+++ RECORDED DATA
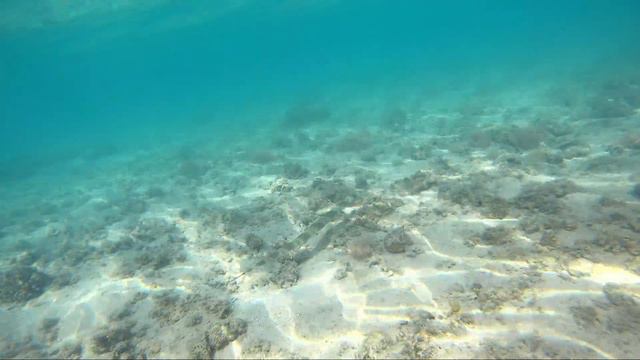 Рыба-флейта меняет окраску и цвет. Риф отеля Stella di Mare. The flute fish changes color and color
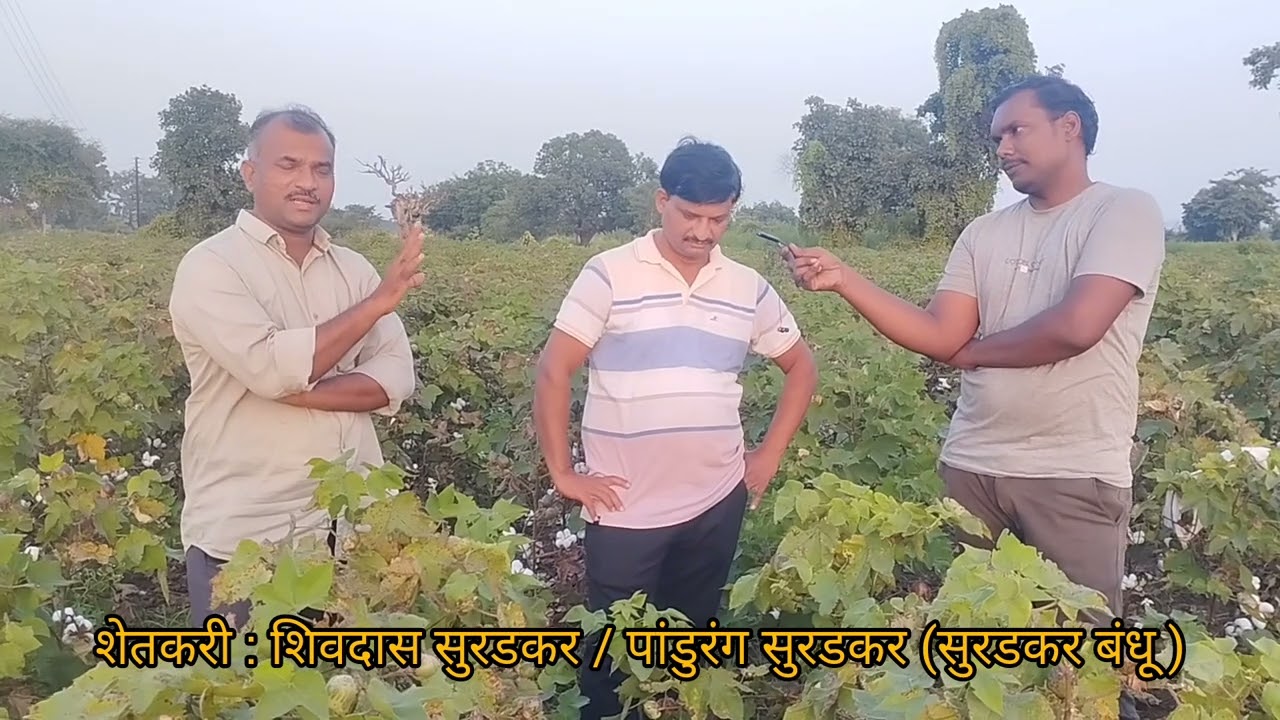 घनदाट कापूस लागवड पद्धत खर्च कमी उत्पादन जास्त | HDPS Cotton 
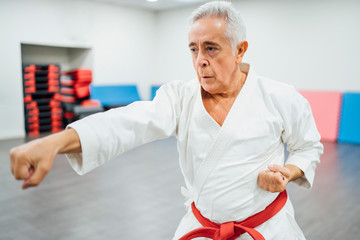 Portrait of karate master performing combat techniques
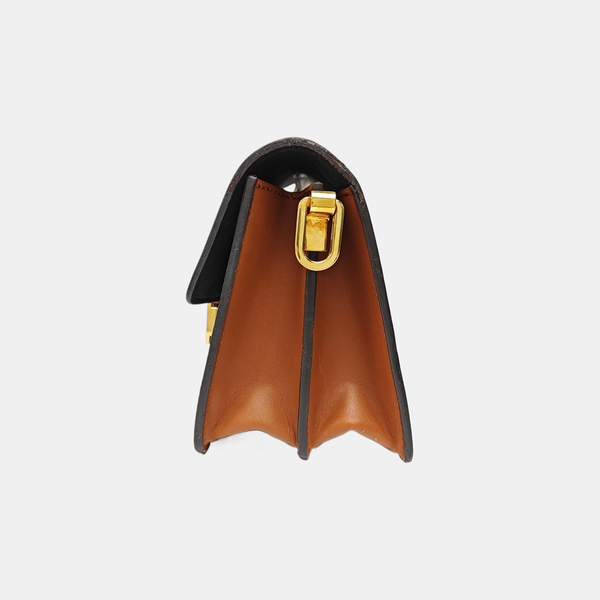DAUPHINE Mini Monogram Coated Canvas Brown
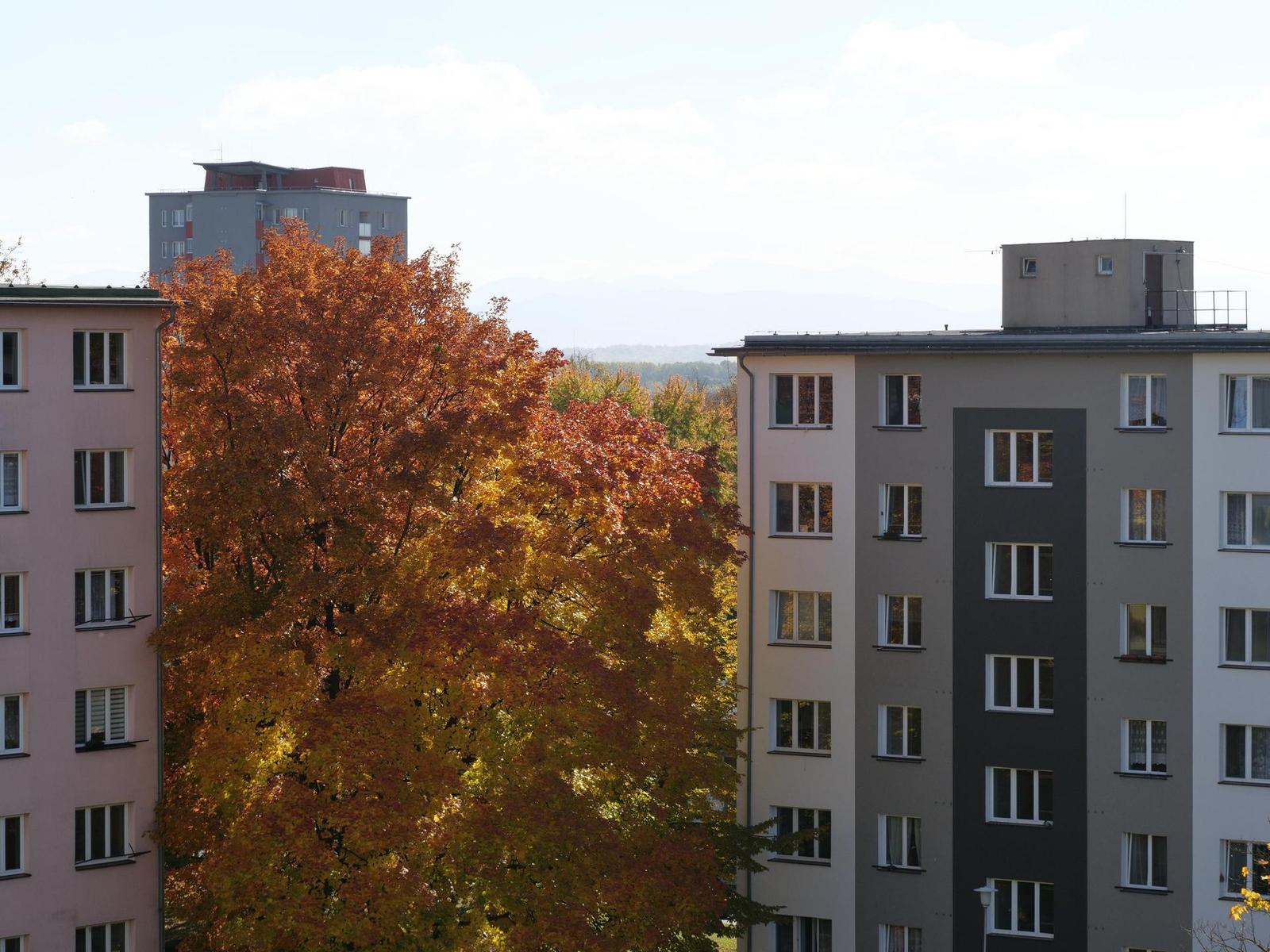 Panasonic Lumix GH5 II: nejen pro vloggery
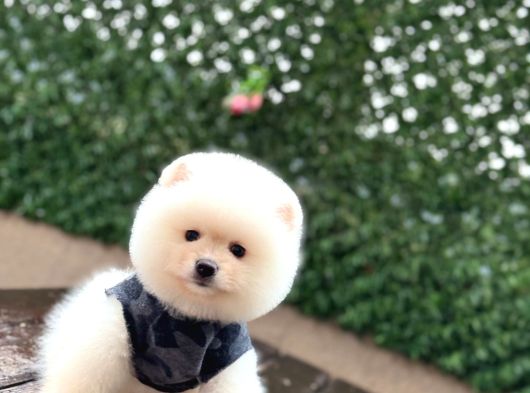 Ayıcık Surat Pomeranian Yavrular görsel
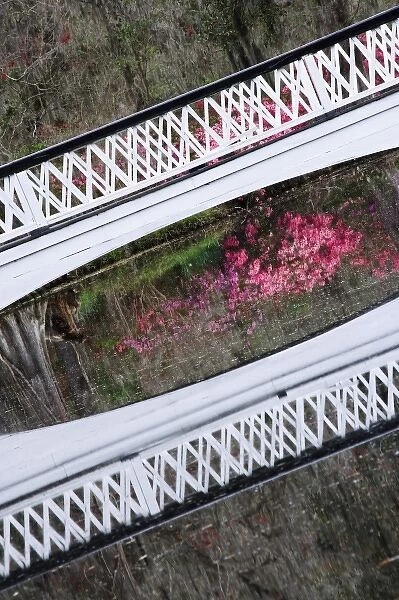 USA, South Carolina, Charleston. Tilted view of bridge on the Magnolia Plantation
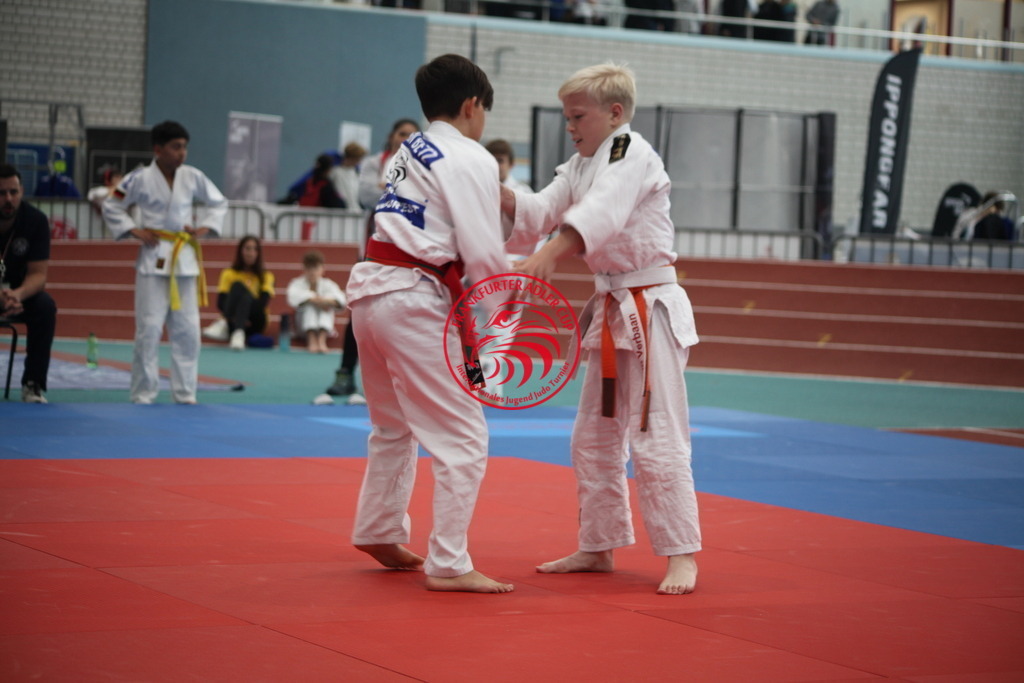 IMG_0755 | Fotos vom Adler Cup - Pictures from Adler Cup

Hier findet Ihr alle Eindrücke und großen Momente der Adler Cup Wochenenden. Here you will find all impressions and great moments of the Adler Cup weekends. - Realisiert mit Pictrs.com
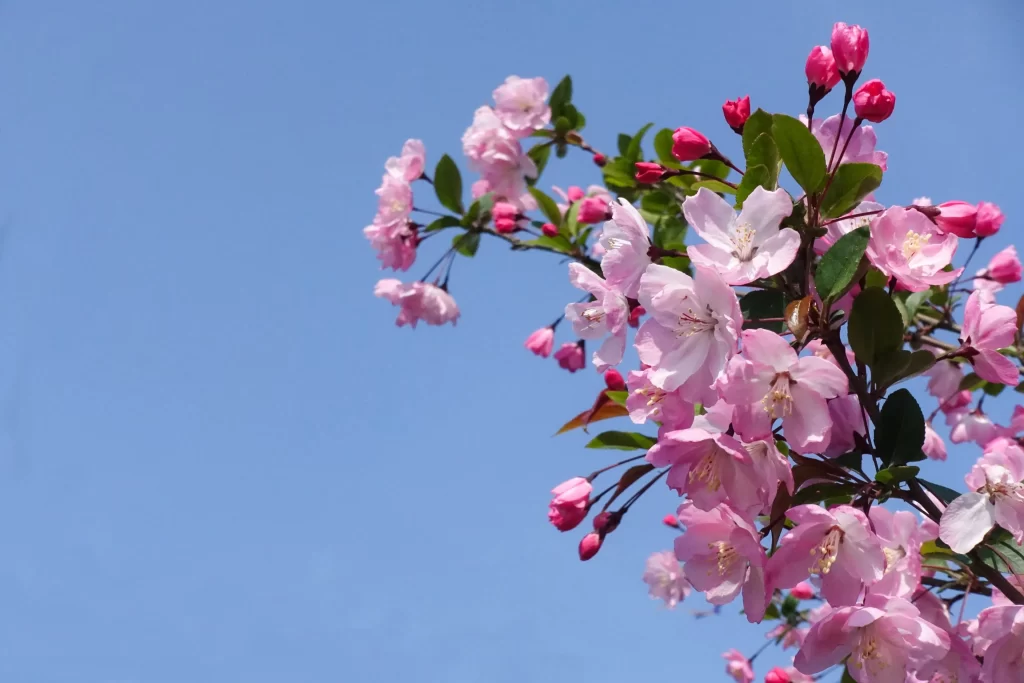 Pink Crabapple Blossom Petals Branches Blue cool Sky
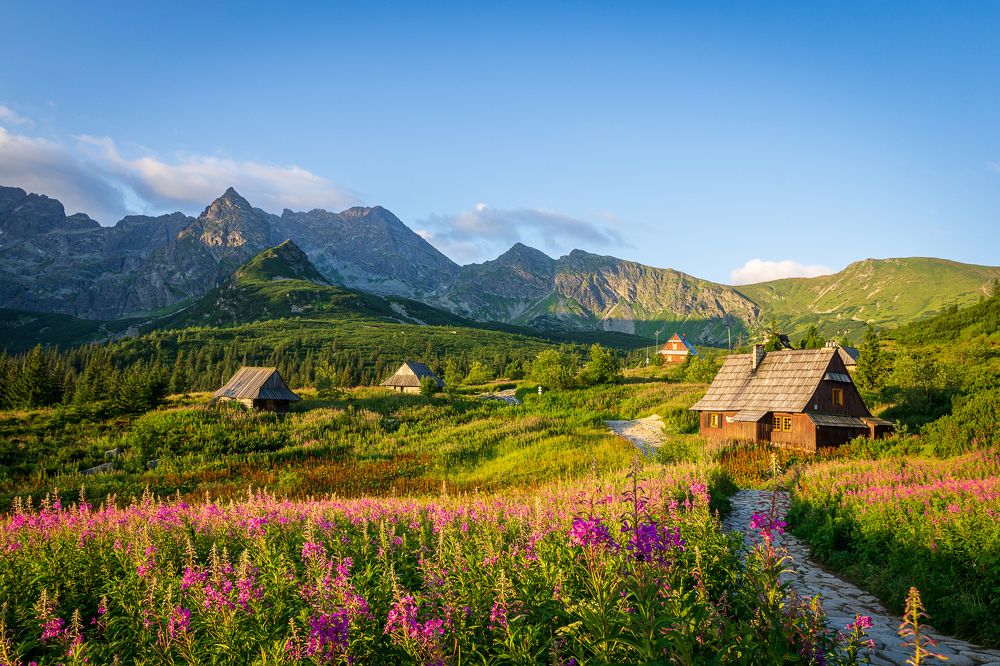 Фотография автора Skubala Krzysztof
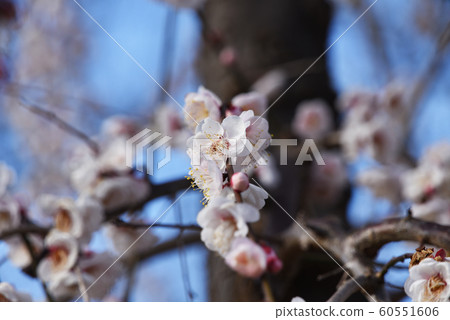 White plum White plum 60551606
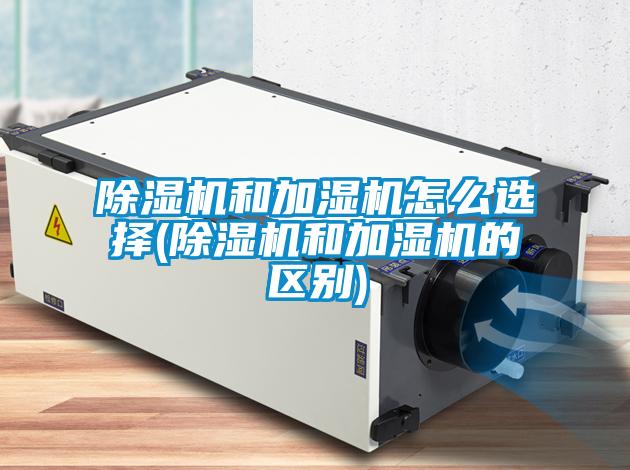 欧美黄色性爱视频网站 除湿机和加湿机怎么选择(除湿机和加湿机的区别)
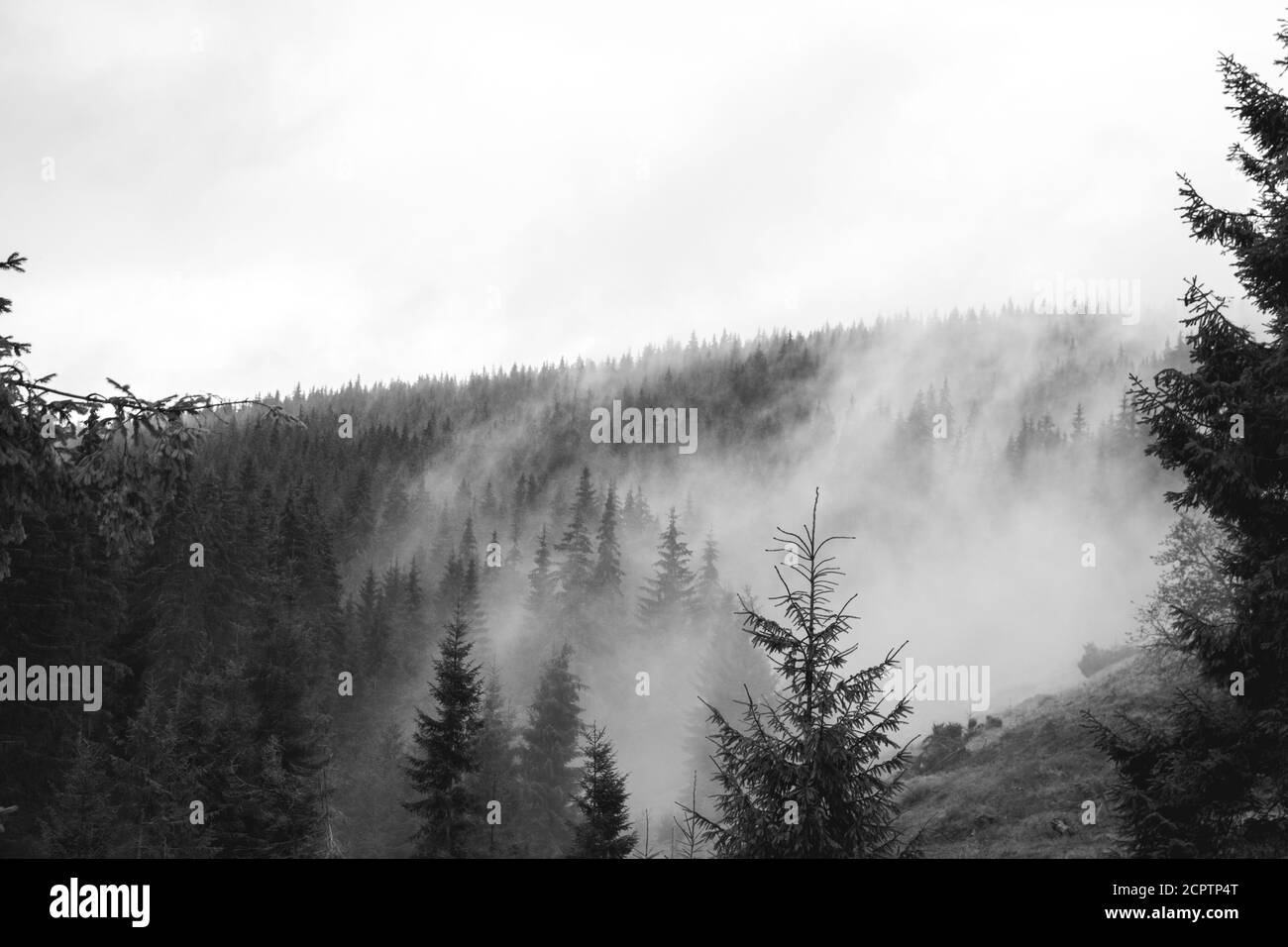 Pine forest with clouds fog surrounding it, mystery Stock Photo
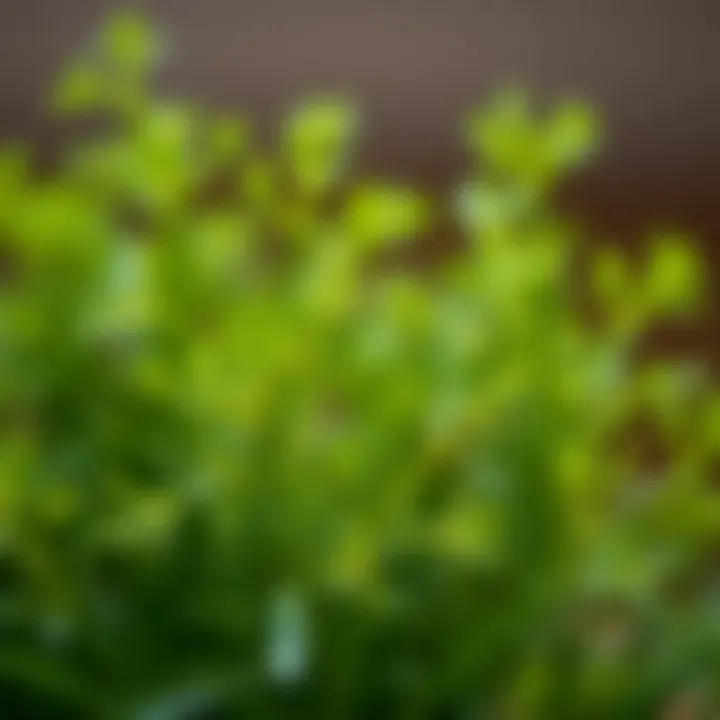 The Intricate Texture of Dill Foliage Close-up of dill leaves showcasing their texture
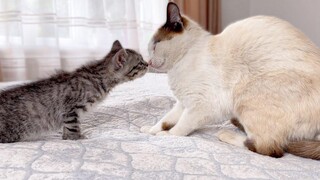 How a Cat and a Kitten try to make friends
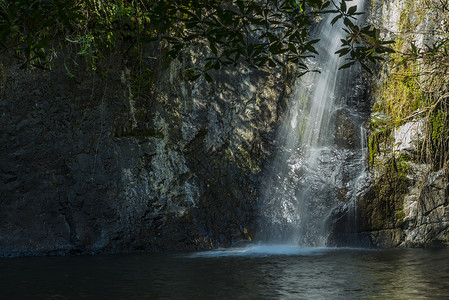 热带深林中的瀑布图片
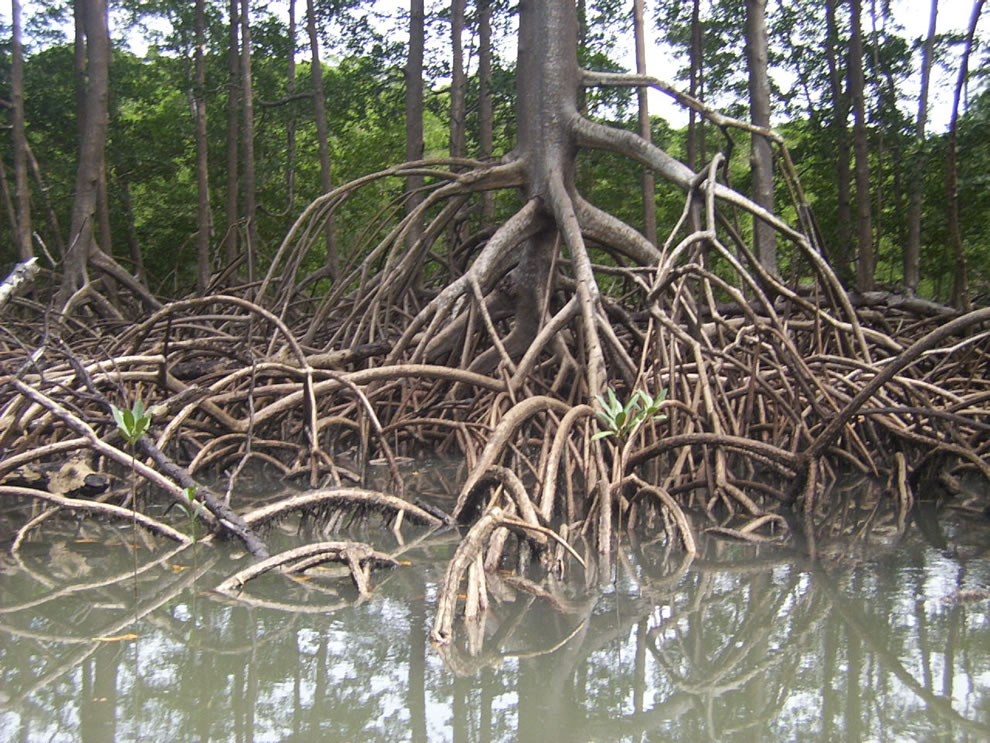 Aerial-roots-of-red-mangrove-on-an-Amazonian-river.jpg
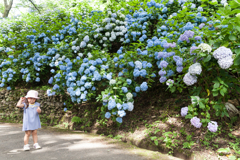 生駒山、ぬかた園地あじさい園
++++++
Reproduce the records word for word, please, from their first line up to and including the line that contains "IMG_0755 | Fotos", but no pictures.

WRITTEN REPLY:
 Рыба-флейта меняет окраску и цвет. Риф отеля Stella di Mare. The flute fish changes color and color
 घनदाट कापूस लागवड पद्धत खर्च कमी उत्पादन जास्त | HDPS Cotton 
 Portrait of karate master performing combat techniques
DAUPHINE Mini Monogram Coated Canvas Brown
 Panasonic Lumix GH5 II: nejen pro vloggery
 Ayıcık Surat Pomeranian Yavrular görsel
 USA, South Carolina, Charleston. Tilted view of bridge on the Magnolia Plantation
 IMG_0755 | Fotos vom Adler Cup - Pictures from Adler Cup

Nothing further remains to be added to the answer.